Saat liburan tersebut Penulis lebih suka singgah atau tinggal ditempat saudara Kebayoran Lama (Komplek Polisi), karena dari posisi ini dekat dengan terminal Blok M dan juga ke daerah kawasan Istana Negara, Tugu Monas, Museum Nasional, Stasiun Gambir, Bundaran Hotel Indonesia, serta tempat-tempat bersejarah lainnya.
Sehingga, Penulis tahu betul perkembangan Ibu Kota Negara (DKI) ini semenjak tahun 80-an sampai sekarang. Penulis mengetahui kapan kawasan Blok M dibuat terminal modern, dimana diatasnya tempat naik bus kota, oplet dan dibawah tanah ada pasar (mall) beberapa tingkat.
Waktu itu suasana Jakarta begitu menarik dan indah bagi orang pelosok daerah untuk berlibur dan mencari peruntungan nasib. Penulis pernah menikmati suasana tersebut. Walaupun dari Pauh Kamba (Pariaman) ke Jakarta butuh waktu tiga hari tiga malam naik bus ANS, bus Transport atau bus NPM, selalu dinikmati.
Jakarta memang daerah istimewa, semua sejarah Republik Indonesia terjadi disini. Keberadaan Jakarta pun dari literatur yang ada sudah bermula dari zaman kerajaan, sudah istimewa sejak dahulu kala.
Serta berabad lamanya Jakarta bertumbuh sebagai kota terbaik dizamannya. Prasasti Tugu di era Kerajaan Tarumanegara abad 4-7 Masehi, menyebut kawasan Sunda Kelapa ini memiliki kali yang indah dengan air bersih. Sudah ada dokumennya.
Tome Pires yang datang tahun 1513 berkisah ; Pelabuhan Kalapa bagus sekali. Inilah pelabuhan terpenting dan terbaik dari semuanya. Seorang Jerman bernama Christopher Fryke yang berkunjung pada 1680 memberi kesaksian, Jakarta ; lebih indah dari pada Amsterdam.
Namun tolak ukur kuatnya Ibu Kota Negara ini adalah kekuatan Jakarta sebagai Ibu Kota, sebenarnya justru pada identitasnya yang menyejarah, bukan pada kemetropolitanannya yang ragawi.
Ditegaskan bahwa kekuatan Jakarta sebagai Ibu Kota justru pada identitasnya yang menyejarah, bukan pada kemetropolitanannya yang duniawi, Kota lain dapat dibangun supermodern, tetapi tak bisa menggantikan Jakarta yang meng-Indonesia karena sejarah peradaban.
Menurut penulis sangat salah sebenarnya orang-orang di Parlemen Indonesia, anggota DPR RI terhormat, Presiden Jokowi memindahkan Ibu Kota Nagara ke Kalimantan dengan alasan dibuat-buat.
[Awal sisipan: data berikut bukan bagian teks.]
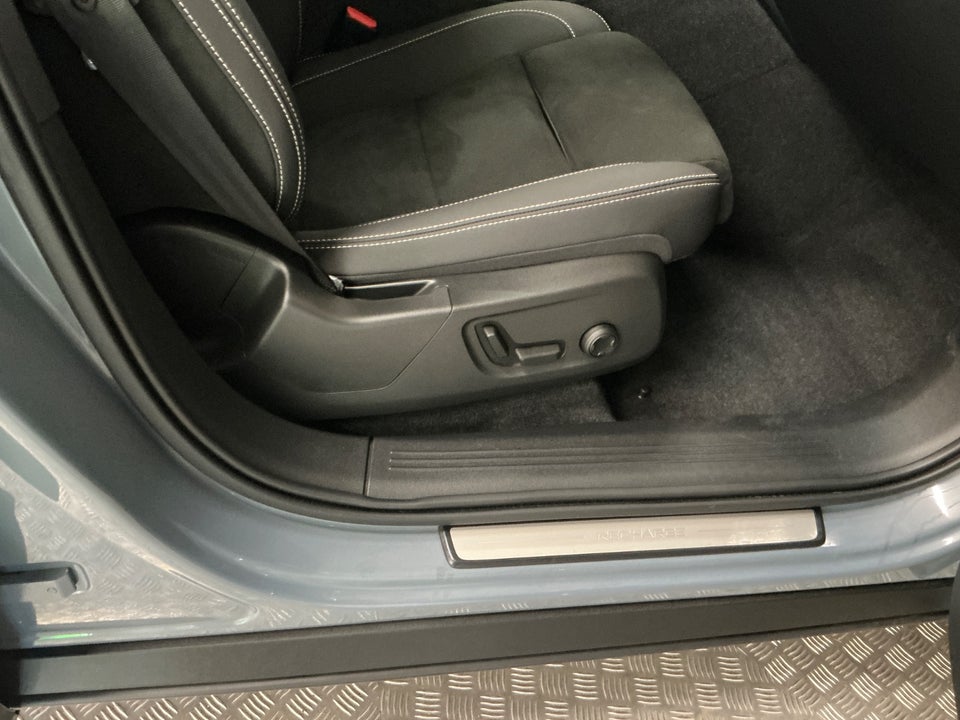 Volvo C40 P8 ReCharge Twin First Edition 5d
Seperti seolah-olah Jakarta biang kesusahan sistim pemerintahan, pembangunan ekonomi terhalang, kekuasan tidak bebas berprilaku.
Jakarta jadi Ibu Kota Negara karena sejarah panjangnya Nusantara ini, bukan karena Jakarta pusat bisnis, pusat ekonomi, pusat kepentingan oligarki atau pusat kepicikan penguasa untuk tetap berkuasa[*].